The Middleby Corporation (NASDAQ: MIDD), a leading worldwide manufacturer of restaurant and foodservice cooking equipment, today reported net sales and earnings for the first quarter ended April 2, 2011. Net earnings for the first quarter were $17,825,000 or $0.97 per share on net sales of $182,572,000 as compared to the prior year first quarter net earnings of $13,762,000 or $0.74 per share on net sales of $160,683,000.
2011 First Quarter Financial Highlights
- Net sales increased 13.6 % in the first quarter. Sales from acquisitions amounted to $10.2 million or 6.3% during the quarter, and largely related to the Cozzini acquisition which occurred late in the third quarter of 2010. Excluding the impact of acquisitions, net sales increased 7.3% during the first quarter, including an increase of 8.8% in sales from the Commercial Foodservice Group offset by a decrease of 2.9% in sales from the Food Processing Group. Sales growth of the Commercial Foodservice Group continues to grow reflecting growth in the international markets and increasing business with major restaurant chain customers. The Food Processing Group, which grew 56.6% in the first quarter of last year, declined slightly, reflecting the quarterly volatility associated with this business due to the timing of large orders.
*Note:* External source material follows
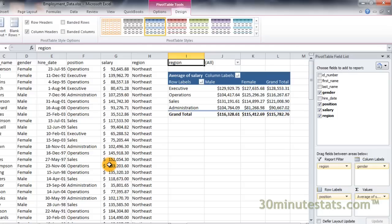Now that you know how to filter and sort pivot table data, you can begin customizing tables for your specific needs. In the next video, you'll learn how to use a new feature in Excel 2010 called slicers to make filtering pivot tables even easier. I'll see you there.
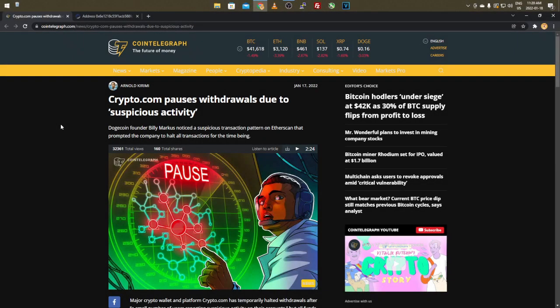Hey everyone, what's going on? It's your boy Krebsy Crypto, and for today's video we're taking a look at the Crypto.com pauses withdrawals due to suspicious activity article.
- Gross profit increased to $71.8 million from $63.5 million. The gross margin rate of 39.3% compared to 39.5% in the prior year quarter. The gross margin rate reflects the impact of increasing material costs and lower margins at newly acquired companies offset in part by the benefit of increased sales volumes and operational improvements.
- Operating income increased to $31.4 million from $26.4 million.
- Non-cash expenses recorded during the first quarter included $3.9 million of depreciation and amortization in the current quarter as compared to $3.7 million in the prior year first quarter. Non-cash share based compensation expenses decreased to $2.0 million in the 2011 first quarter as compared to $3.2 million in the 2010 first quarter.
- Net interest expense and deferred financing costs amounted to $2.1 million in the first quarter as compared to $2.5 million in the prior year first quarter. Reduced interest expense reflects the benefit of lower interest rates and lower debt levels.
- Provisions for income taxes increased to $11.6 million at a 40% effective rate in comparison to $9.9 million at a 42% effective rate in the prior year quarter.
- Total debt at the end of the 2011 first quarter amounted to $239.6 million as compared to $271.0 million at the end of the first quarter 2010. The company’s debt is financed under a $497.8 million senior revolving credit facility that matures in December 2012.
- Net earnings per share in the 2011 first quarter increased 31% to $0.97 per share as compared to $0.74 per share in the 2010 first quarter.
Mr. Bassoul commented, “In the first quarter, at our Commercial Foodservice Group, industry conditions remained positive and we realized revenue gains resulting from growth in international business and with our chain customers. We plan to continue investing in our selling organization to support sales of our expanded line of new and acquired products globally. This includes the recent establishment of our sales and service office in Brazil to support the anticipated growth in this market over the next several years.”